(Data for the task)
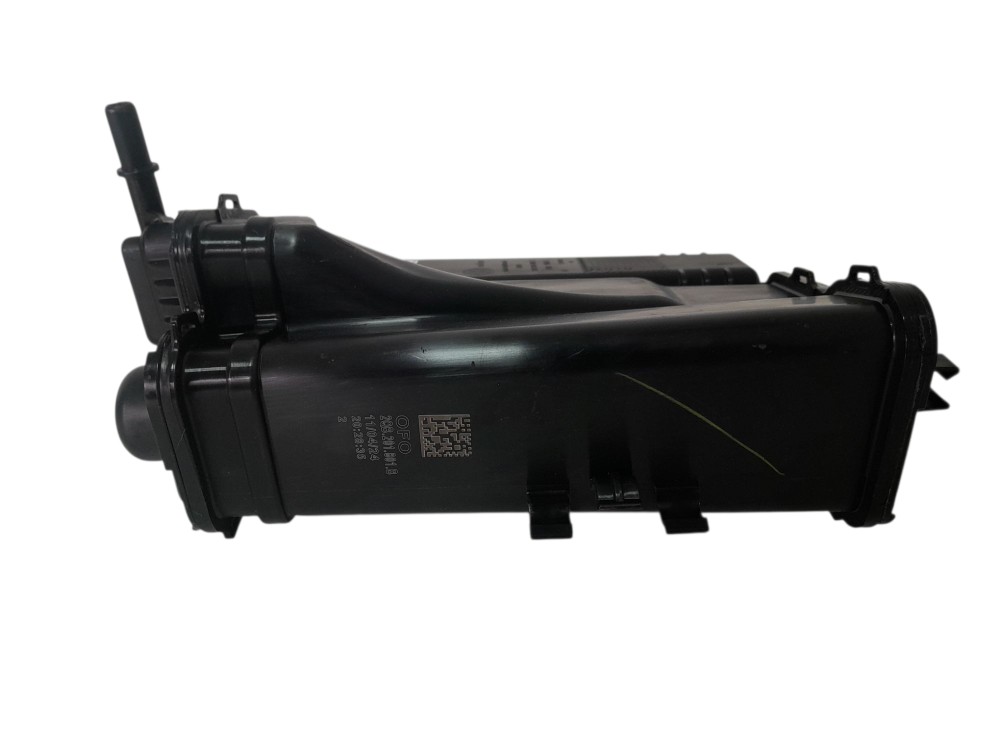 Canister Volkswagen Tcross 1.4 16v Turbo Flex 2024 3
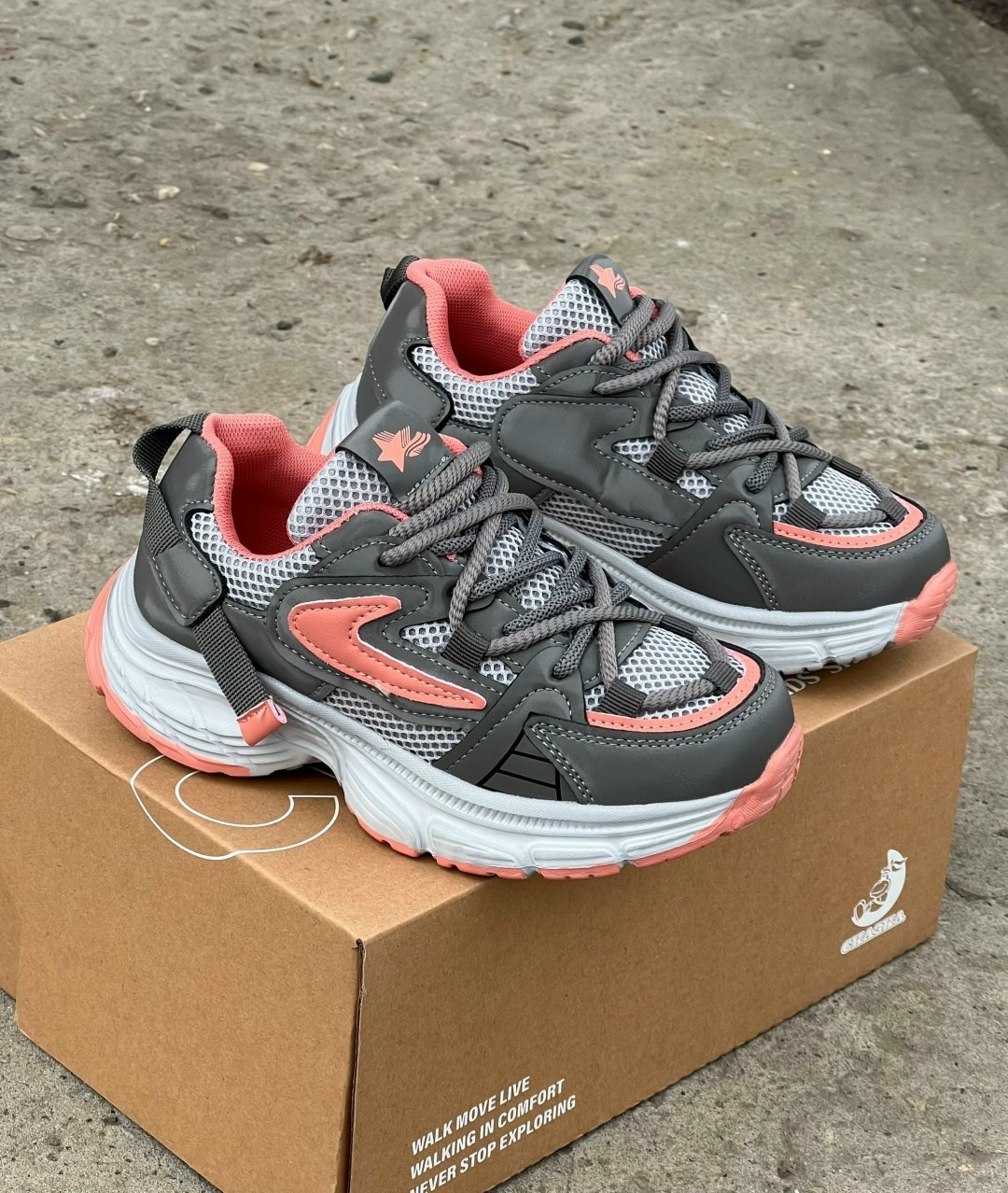 детские кроссовки,кроссовки женскиe,кроссовка,повседневные кроссовки,кроссовки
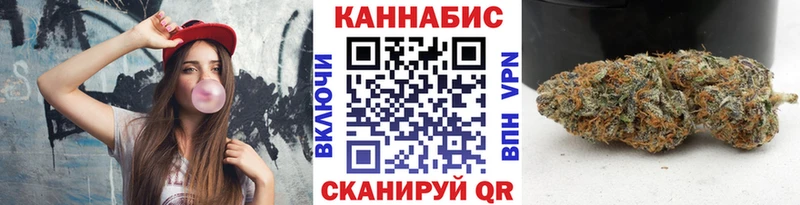 Конопля SATIVA & INDICA Стародуб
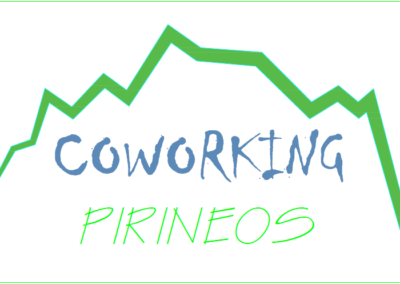 COWORKING PIRINEOS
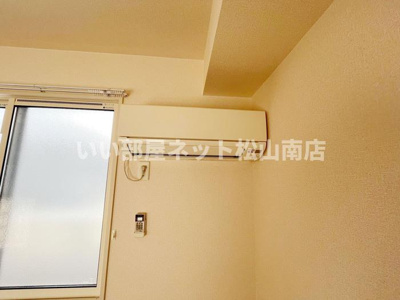 【設備】 | アリエッタ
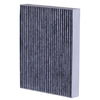 PC99588C by PREMIUM GUARD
(End Data for the task)
## Try it
Write the data above out exactly. Leave out any pictures.

## Task result
 Canister Volkswagen Tcross 1.4 16v Turbo Flex 2024 3
 детские кроссовки,кроссовки женскиe,кроссовка,повседневные кроссовки,кроссовки
 Конопля SATIVA & INDICA Стародуб
 COWORKING PIRINEOS
 【設備】 | アリエッタ
 PC99588C by PREMIUM GUARD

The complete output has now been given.